Anna 1 ist zwar groß gewachsen, ihre Statur gilt im Heimatdorf aber noch als annehmbar, was auch an ihrem guten Aussehen liegt. Sie genießt im Dorf noch einigermaßen Anerkennung. In den 1960er Jahren bringt sie ein riesiges Baby zur Welt. Die Beine überragen den Kinderwagen, auf dem Dreirad reichen Anna 2 die Knie bis an die Ohren. In ihrer Kindheit wird ihr beigebracht, dass man nichts wegen ihrer Größe tun kann, sie sich allerdings angemessen zu verhalten hat. Man sagt ihr außerdem, dass nur schwule Männer, die ihre Sexualität unterdrücken, sich zu großen Frauen hingezogen fühlen. Oder Anna 1 zeigt ihrer Tochter einen Fernsehbeitrag, laut dem große Frauen keinen Partner finden. Deswegen versucht Anna 2 unter anderem, ihre Beine im Sitzen bis zum Kinn hochzuziehen, um möglichst wenig Raum einzunehmen.
Während die Mutter noch sehr unmittelbar mit der Größe ihrer Tochter zurechtkommen muss, leidet Anna 2 auch Jahre später noch wegen ihrer „schrecklichen Unproportionalität“. Sie verlässt das Dorf, kehrt nach einiger Zeit allerdings wieder in ihre Heimat zurück und ist mittlerweile selber Mutter. Sie selbst versucht, Anna 3 anders zu erziehen und nicht wegen ihrer Größe zu stigmatisieren. Anna 3 leidet durch das Dorfumfeld ebenso wie ihre Mutter, kann aber insgesamt entspannter mit der Situation umgehen. Als Jugendliche kann sie sogar gelegentlich von ihrer Körpergröße profitieren und hat zum Beispiel kaum Probleme, ohne Ausweis in die örtliche Diskothek zu gelangen. Sie verliebt sich in den ebenfalls großgewachsenen Bademeister Marco – die beiden lernen sich zufällig und ganz unbefangen auf einem Berggipfel kennen – und findet mit ihm endlich jemanden auf Augenhöhe.
Entstehung und Stil
Häufig geht es laut Oberländer in ihren Geschichten um zwischenmenschliche Probleme, ohne dass sie sich dieses Thema explizit vornehme, sondern sie „komme da einfach immer wieder an“. Irritierende Alltagserlebnisse oder Gespräche assoziiere sie am Ende fast immer mit dem „Grundproblem“ zwischenmenschlichen Verhaltens – „[w]ie man so ist und wie man sein will und wie das mit dem Umfeld zusammenpasst“.[1] Als Anregung für Anna habe ihre eigene Familie gedient, dabei „ging es bei uns um die Körpergröße in Kombination mit Dünnsein“. Insbesondere mit ihrer Mutter führte sie während des Entstehungsprozesses regelmäßig Gespräche zum Comic. Mit 1,75 m Körpergröße sei Oberländer selbst zwar nicht so hochgewachsen, habe sich aber dennoch lange als Riesin gefühlt.[2][3] Auch wenn der Comic auf einem persönlichen Problem beruhe, sei kein Einzelschicksal dargestellt. Durch die bewusst übertriebene Darstellung soll der „jeweilige ‚Makel‘“ austauschbar bleiben. Es gehe ihr vor allem um Selbstwahrnehmung und den Einfluss des (familiären) Umfelds auf das eigene Selbstbild.[4]

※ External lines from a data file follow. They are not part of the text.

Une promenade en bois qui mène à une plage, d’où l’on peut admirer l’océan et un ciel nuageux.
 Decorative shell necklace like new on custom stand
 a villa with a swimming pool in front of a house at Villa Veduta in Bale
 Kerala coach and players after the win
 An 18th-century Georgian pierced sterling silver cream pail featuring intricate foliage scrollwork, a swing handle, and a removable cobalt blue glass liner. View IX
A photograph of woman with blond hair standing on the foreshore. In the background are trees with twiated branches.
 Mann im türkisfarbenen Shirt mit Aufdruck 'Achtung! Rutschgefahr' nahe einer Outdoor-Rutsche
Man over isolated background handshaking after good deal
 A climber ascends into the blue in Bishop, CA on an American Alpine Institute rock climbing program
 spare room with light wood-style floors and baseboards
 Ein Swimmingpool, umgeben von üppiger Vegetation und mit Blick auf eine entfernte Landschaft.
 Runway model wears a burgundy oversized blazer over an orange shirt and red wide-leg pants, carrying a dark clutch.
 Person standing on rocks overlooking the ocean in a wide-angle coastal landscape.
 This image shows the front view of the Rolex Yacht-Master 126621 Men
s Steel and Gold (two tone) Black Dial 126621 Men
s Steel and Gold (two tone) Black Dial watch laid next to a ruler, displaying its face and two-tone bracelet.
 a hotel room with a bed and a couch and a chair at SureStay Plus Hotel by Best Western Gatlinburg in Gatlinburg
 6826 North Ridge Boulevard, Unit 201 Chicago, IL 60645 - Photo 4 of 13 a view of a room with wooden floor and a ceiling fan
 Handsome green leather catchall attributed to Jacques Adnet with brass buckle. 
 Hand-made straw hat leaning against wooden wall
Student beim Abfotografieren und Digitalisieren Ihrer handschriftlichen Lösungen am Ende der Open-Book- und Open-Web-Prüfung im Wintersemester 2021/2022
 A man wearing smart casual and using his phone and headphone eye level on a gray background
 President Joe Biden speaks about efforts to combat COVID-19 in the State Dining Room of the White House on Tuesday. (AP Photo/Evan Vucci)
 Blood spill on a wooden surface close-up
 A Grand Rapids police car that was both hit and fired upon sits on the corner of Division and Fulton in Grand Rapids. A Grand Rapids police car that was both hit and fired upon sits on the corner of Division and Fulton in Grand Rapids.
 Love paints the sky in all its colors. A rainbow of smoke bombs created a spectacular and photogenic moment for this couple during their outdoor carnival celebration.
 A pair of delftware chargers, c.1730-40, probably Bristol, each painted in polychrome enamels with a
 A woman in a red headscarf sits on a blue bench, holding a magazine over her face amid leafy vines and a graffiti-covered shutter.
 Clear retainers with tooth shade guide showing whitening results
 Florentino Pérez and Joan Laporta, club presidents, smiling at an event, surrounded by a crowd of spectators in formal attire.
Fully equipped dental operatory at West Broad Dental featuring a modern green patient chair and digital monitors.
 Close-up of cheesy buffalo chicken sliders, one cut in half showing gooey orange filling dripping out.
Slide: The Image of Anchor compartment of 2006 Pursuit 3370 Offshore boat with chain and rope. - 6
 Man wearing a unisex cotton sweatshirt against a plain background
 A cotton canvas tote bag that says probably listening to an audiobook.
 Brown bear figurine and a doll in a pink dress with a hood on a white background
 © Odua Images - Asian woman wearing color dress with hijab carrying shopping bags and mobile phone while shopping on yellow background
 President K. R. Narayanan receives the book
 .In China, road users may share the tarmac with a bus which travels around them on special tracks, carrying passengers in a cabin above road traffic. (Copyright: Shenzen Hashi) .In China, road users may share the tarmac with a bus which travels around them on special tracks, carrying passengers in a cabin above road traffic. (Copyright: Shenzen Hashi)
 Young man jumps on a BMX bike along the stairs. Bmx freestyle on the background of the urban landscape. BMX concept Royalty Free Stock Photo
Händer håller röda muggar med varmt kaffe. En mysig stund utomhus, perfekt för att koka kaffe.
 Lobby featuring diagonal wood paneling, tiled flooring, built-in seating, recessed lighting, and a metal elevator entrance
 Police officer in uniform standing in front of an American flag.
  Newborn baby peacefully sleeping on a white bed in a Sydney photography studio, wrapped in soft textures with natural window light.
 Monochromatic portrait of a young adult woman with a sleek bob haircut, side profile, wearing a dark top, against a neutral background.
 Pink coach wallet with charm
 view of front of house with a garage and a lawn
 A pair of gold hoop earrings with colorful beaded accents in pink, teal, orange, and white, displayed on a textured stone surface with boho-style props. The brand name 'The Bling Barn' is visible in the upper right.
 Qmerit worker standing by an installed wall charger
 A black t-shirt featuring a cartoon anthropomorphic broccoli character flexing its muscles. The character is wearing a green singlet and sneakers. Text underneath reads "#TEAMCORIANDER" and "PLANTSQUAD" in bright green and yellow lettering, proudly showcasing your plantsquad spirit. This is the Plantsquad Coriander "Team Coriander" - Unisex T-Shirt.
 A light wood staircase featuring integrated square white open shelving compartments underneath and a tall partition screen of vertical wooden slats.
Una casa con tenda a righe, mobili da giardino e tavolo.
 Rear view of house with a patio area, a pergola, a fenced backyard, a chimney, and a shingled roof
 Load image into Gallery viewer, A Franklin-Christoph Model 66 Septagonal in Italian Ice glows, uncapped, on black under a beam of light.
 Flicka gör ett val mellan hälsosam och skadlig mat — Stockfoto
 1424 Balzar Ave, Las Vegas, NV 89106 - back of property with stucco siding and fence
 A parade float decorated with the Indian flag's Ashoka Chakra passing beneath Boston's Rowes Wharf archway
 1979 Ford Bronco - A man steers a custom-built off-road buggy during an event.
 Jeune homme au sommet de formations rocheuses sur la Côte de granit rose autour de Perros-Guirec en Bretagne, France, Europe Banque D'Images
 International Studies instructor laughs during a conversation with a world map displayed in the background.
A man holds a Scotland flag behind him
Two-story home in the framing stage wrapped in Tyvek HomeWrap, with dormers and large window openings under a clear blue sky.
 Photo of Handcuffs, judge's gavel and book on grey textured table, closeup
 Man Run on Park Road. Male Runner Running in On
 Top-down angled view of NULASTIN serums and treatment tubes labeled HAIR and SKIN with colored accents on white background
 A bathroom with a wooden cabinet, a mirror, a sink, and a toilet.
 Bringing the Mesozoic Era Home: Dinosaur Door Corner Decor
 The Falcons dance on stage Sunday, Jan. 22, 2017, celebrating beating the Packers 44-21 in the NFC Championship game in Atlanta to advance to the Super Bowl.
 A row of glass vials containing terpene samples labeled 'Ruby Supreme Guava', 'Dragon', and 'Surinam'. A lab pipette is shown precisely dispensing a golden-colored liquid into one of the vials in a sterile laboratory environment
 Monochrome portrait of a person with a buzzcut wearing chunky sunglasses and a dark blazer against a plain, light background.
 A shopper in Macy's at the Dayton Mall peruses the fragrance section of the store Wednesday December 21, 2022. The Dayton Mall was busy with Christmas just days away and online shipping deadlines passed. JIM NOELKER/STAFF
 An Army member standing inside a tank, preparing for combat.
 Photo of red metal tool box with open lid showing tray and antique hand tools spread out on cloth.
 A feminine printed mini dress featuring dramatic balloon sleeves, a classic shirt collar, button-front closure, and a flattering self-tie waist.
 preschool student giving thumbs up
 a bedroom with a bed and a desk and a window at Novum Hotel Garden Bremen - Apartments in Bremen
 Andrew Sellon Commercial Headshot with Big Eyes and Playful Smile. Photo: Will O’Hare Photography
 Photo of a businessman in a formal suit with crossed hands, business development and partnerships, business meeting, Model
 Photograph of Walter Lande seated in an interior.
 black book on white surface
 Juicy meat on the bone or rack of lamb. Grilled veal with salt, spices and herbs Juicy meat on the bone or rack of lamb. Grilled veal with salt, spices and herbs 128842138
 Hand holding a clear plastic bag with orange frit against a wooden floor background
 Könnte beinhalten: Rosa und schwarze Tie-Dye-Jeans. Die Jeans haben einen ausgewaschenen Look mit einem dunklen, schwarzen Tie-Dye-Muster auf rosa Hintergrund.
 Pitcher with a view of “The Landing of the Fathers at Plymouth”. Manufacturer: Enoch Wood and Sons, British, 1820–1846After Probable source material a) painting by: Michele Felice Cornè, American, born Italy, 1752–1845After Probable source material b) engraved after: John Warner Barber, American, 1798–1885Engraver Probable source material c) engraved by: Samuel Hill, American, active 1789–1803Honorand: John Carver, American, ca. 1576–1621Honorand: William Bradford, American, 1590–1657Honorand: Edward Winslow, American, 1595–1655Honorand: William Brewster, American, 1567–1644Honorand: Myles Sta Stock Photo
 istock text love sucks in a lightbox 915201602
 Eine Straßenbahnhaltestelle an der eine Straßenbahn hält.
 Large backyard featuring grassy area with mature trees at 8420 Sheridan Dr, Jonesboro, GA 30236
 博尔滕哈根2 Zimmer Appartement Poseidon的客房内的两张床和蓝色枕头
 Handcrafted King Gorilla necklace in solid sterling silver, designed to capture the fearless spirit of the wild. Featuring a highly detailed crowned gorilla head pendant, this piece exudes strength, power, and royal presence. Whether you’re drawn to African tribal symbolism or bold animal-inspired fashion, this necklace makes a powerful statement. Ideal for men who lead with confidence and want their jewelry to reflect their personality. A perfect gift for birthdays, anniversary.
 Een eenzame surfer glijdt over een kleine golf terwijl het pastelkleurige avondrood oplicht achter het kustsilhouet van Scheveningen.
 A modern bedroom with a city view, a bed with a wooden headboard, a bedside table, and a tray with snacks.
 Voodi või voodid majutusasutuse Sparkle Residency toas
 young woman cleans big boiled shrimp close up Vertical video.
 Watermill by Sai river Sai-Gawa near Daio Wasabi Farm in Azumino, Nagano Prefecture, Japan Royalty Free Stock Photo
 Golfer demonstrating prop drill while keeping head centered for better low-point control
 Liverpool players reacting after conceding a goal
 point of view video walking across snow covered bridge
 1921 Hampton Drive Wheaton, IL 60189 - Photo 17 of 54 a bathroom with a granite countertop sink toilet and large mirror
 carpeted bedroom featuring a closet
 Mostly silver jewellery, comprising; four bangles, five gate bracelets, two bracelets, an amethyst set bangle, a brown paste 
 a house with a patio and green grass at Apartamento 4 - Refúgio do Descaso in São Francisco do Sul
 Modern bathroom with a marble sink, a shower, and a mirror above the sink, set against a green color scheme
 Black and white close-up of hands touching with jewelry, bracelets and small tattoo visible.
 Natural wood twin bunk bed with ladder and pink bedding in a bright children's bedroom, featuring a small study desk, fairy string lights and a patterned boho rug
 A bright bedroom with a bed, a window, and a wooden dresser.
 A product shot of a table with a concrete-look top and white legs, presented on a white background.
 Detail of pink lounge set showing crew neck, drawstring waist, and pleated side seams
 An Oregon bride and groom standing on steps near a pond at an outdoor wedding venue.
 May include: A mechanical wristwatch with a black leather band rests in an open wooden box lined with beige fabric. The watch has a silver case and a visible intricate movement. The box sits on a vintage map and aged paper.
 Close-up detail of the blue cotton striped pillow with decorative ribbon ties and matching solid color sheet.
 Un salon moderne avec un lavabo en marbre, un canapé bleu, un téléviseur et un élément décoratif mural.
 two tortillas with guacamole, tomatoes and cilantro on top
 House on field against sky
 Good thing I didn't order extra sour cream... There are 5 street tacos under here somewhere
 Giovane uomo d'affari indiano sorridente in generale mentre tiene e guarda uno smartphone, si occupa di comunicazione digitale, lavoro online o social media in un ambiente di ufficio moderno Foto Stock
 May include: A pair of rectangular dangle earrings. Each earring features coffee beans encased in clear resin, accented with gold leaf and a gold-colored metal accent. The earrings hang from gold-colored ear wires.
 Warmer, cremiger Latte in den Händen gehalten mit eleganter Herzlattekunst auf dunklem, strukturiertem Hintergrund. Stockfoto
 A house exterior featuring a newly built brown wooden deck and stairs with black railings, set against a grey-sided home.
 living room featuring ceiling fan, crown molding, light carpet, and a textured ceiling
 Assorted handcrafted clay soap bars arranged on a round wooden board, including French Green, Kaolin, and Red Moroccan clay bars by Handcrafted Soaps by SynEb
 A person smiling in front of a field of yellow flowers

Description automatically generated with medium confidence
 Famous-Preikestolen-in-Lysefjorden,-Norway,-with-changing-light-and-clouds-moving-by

Oberländer zeichnete ihr Erstlingswerk mit Bleistift in einer klaren Linienführung und mit kräftigen schwarzen Strichen. Viele Flächen lässt sie weiß, die starken Farben kommen reduziert zum Einsatz. Strenge Konturen grenzen die kräftigen Farbflächen voneinander ab. Die verschiedenen Zeitebenen verdeutlicht sie durch unterschiedliche Farbgebung und Stile: So ist beispielsweise die Kindheit von Anna 1 in Schwarz-Weiß gehalten, die späten 1950er sind Rostbraun koloriert.[3][5][6] Gestik, Mimik und Proportionen der Figuren sind stark überzeichnet, etwa durch überlange Gliedmaßen oder gelegentliche Verrenkungen. Insbesondere die überlangen Beine der drei Annas sind prägend für die Darstellung der Figuren. Die Beine verknoten sich beispielsweise beim Schwimmen, sie stoßen an den Panelrand, ragen zum Teil über diesen hinaus oder erstrecken sich über mehrere Panels. Dabei stehen die Darstellungen und deren situative Veränderungen häufig im Einklang mit den Emotionen der Figuren. Anna 3 hält etwa einen Monolog, während sie auf einer Bergspitze sitzt. Währenddessen wachsen ihre Beine immer weiter, bis sie sogar den Berggipfel überragt. Am Ende des emotionalen Monologs schrumpfen ihre Beine wieder.[2][7][8][9] Der Comic ist im Stil eines Tagebuchs verfasst und bildet den Handlungsrahmen. Anna 3 erzählt retrospektiv die Geschichten der Figuren. Das abwechslungsreiche Lettering wirkt wie handschriftliche Notizen auf liniertem Papier. Der Text steht meist über den Illustrationen, Oberländer verwendet aber auch Sprechblasen. Mal setzt sie die Schrift in schlanken, leicht geneigten Großbuchstaben um, an anderer Stelle in altmodisch wirkender Schreibschrift.[6][8]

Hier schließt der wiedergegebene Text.